COVID-19 testing has ramped up, though experts say there needs to be more testing to fully understand the breadth of the virus’ spread in Miami-Dade. State and local authorities are looking into buying new tests, developed abroad, that are supposed to deliver rapid results in less than an hour.
County and city governments are purchasing testing kits and setting up sites to supplement those backed by state authorities On Saturday, the city of Miami announced a new drive-through testing site in Liberty City at Charles Hadley Park. The site will offer tests by appointment only, for city residents who are 65 and older and showing symptoms. Testing at the park is expected to begin at 9 a.m. Tuesday.
Checkpoints and travel concerns
Gov. Ron DeSantis, who has focused on screening travelers from places where infection rates are high such as New York and Louisiana, announced plans Saturday to open a new checkpoint at the Florida-Georgia line on Interstate 95.
There’s already a checkpoint on Interstate 10 in the Florida’s Panhandle, at the Florida-Alabama line, where drivers are asked about their travels and must show their ID.
People arriving in Florida from New York, New Jersey, Connecticut and Louisiana are told they must self-quarantine for 14 days.
Meantime, it appeared that two checkpoints on roads leading into the Florida Keys, which opened with great fanfare on Friday, will close Sunday evening. City officials had lobbied for the roadblocks to keep tourists and other non-residents out of the Keys, and the county agreed to operate them, with help from Florida Highway Patrol troopers.
Although Monroe County officials said the value of keeping the checkpoints in place would be reevaluated daily, a document saying they would be closed on Sunday surfaced, angering the municipal officials who had pushed them.

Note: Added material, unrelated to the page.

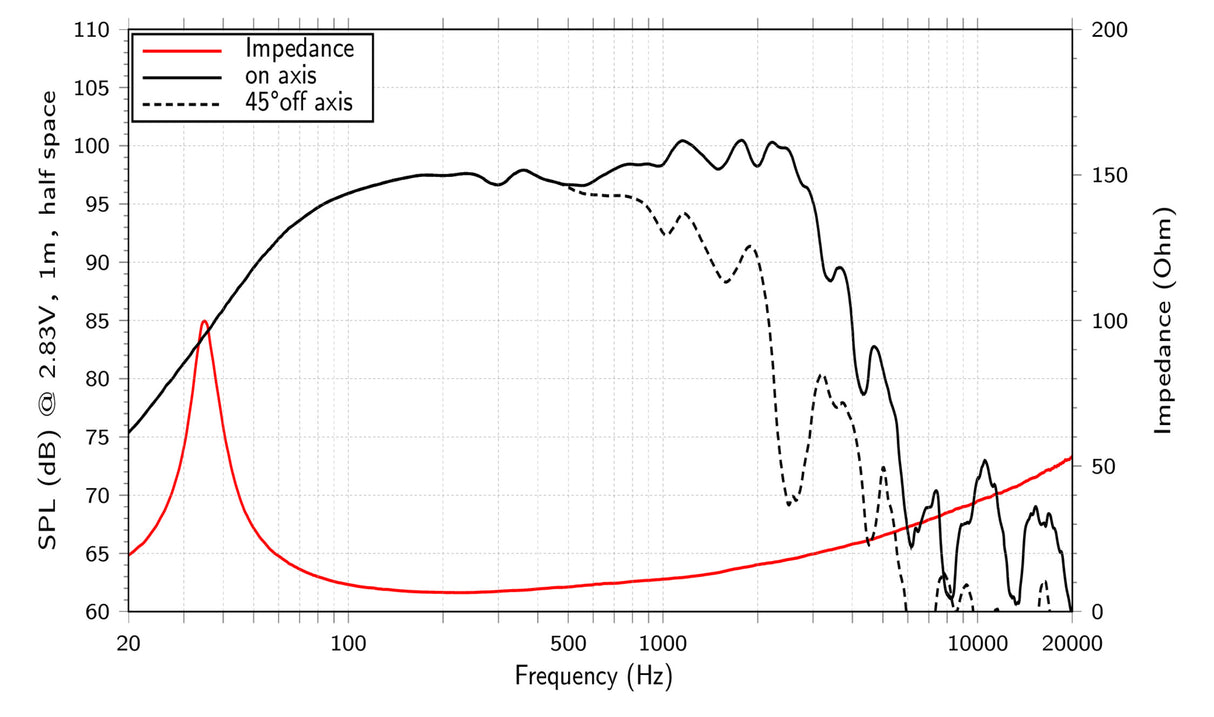 Lavoce WXF15.400 woofer da 380mm 8 Ohm 800W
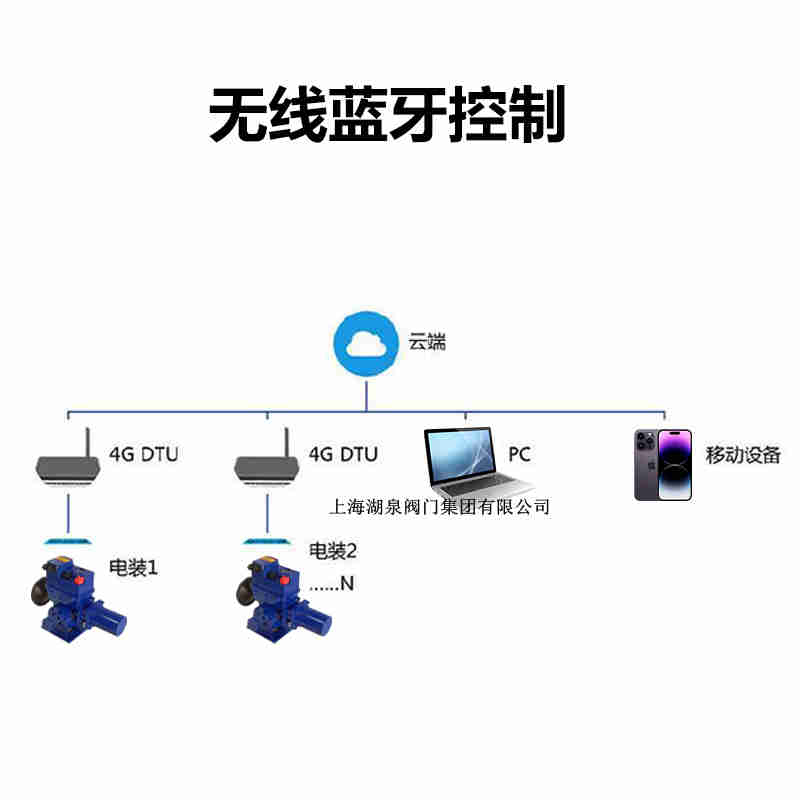 手機(jī)控制電動(dòng)閥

What’s more, Monroe Sheriff Rick Ramsay said Saturday that Gov. Ron DeSantis had ordered all troopers off the checkpoint only hours after they opened. Without the troopers, Ramsay said it is going to be difficult for him to staff the checkpoints for 24 hours.
“We’re so strapped for manpower as it is,” he said. “We knew from the beginning this was unsustainable.”
The pandemic has disrupted global travel by sea and plane, leaving thousands of Americans stuck overseas as countries close borders and airports. U.S. Immigration and Customs Enforcement and the Department of State have been operating removal flights to get U.S. citizens back home from around the world.
Since Sunday, the two agencies have brought back 466 U.S. citizens on three flights from Honduras and El Salvador. The third flight Friday from Central America had 257 U.S. citizens on board.
They are part of about 5,700 Americans who have been brought back to the U.S. from 17 countries since the start of the coronavirus outbreak, the majority flown on State Department chartered aircraft.